You can always tell when a major event is about to happen in your home waters - people you don't know start showing up to go sailing on your pond! Such is the case for the two Worlds events in San Francisco this Summer, with just 3 weeks to go to the 4.7 Worlds and 4 weeks to go to the Master Worlds. This July 4th weekend saw up to 15 boats on the water at any one time, with almost a continuous stream of boats in and out of the harbor all day long.
This weekend saw the "good San Francisco" with little to no fog, relatively gentle breeze in the early part of the day building to upper teens by windsurfing hour (formerly cocktail hour, but around 4:00 pm). I managed to get out on the water 4 of the last 5 days and had some great practice sessions with some really really good sailors, like Russ Silvestri and, importantly, Scott Ferguson. Scott recently moved to the Bay Area just for THE regatta (ok, not THE regatta to me, but THE regatta to the rest of the world - ie the America's Cup). As Ed Adams told me in San Diego last month - Scott is pretty darn fast and when you couple that with his uncanny ability to never miss a wind shift its a pretty deadly combination. At least I know where the very tippy top of the curve is.
For my part it is the same old story... hang tough on the upwind, not quite up to speed on the downwind. I would not be too worried if the Master Worlds were on a flood... but, sadly, we're mostly on an ebb tide and at least the first half of the regatta will be a downwind speed guru's dream. If the wind will only stay steady above 20 knots then I think I'm in there, but San Francisco is not always quite as windy as the reputation and its the "light" spots that crush me.
Ok, the other big one is that the top sailors in the "Standard Masters" - and the list is long here with, besides Scott, (in order of country) Bretty Beyer, Al Clark, Andy Roy, Ari Barshi, Arnoud Hummel, Charlie Buckingham (the older one), Russ Silvestri (yeah, the Olympic guy), Villie Roberts and Vann Wilson - are all rocket ships on the run. And those are just the sailors I KNOW, there must be an equal number I don't know! At the end I still believe Brett Beyer is the gold standard here, he's won something like 8 of 10 tries in the Apprentice division. Anyway, I'm thinking this regatta is going to be won by the fastest downwind speedster.

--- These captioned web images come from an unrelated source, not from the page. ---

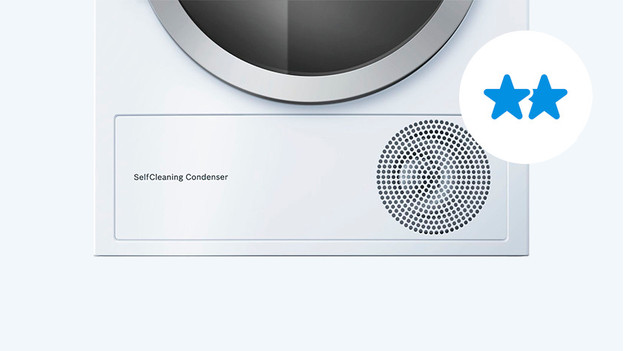 Self-cleaning condenser dryer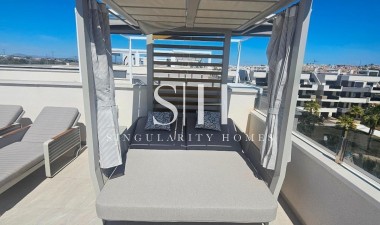 Resale - Apartment / flat - Orihuela Costa - Los Almendros-la Florida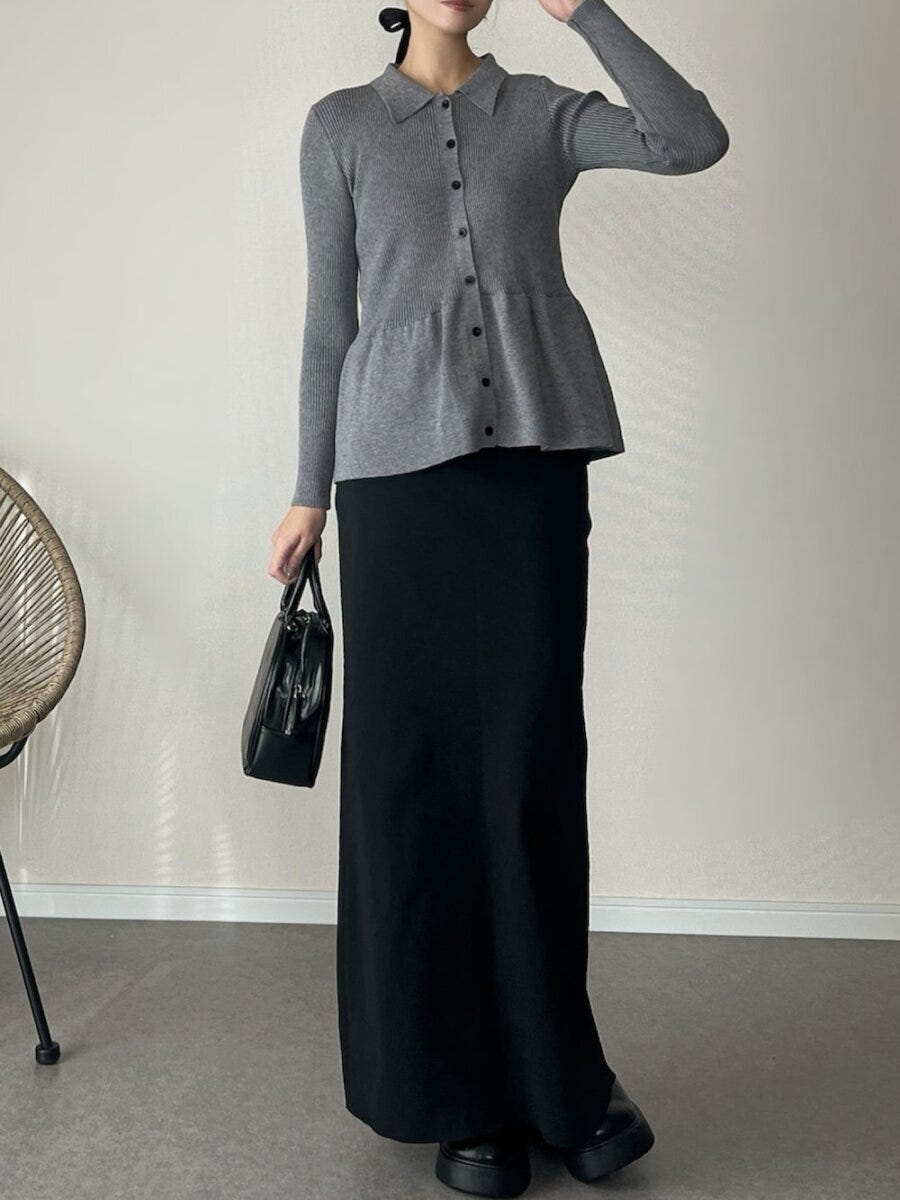 2026大人女性おすすめグレーポロペプラムニットコーデ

So... how to get faster downwind in only 4 weeks? Number one on the list is to go from 210 lbs (Etchells weight!) to something like 195. Ok, well, this could be a problem... Number two on the list, sail on ebb tide as much as possible. Hmmmm.... next week is ebb phase but I have to spend 4 days in Santa Cruz for work - from around 8:00 am to 7:00 pm.
Ok, the trick in the next four weeks is to figure out how to get as much quality downwind time on the water as possible.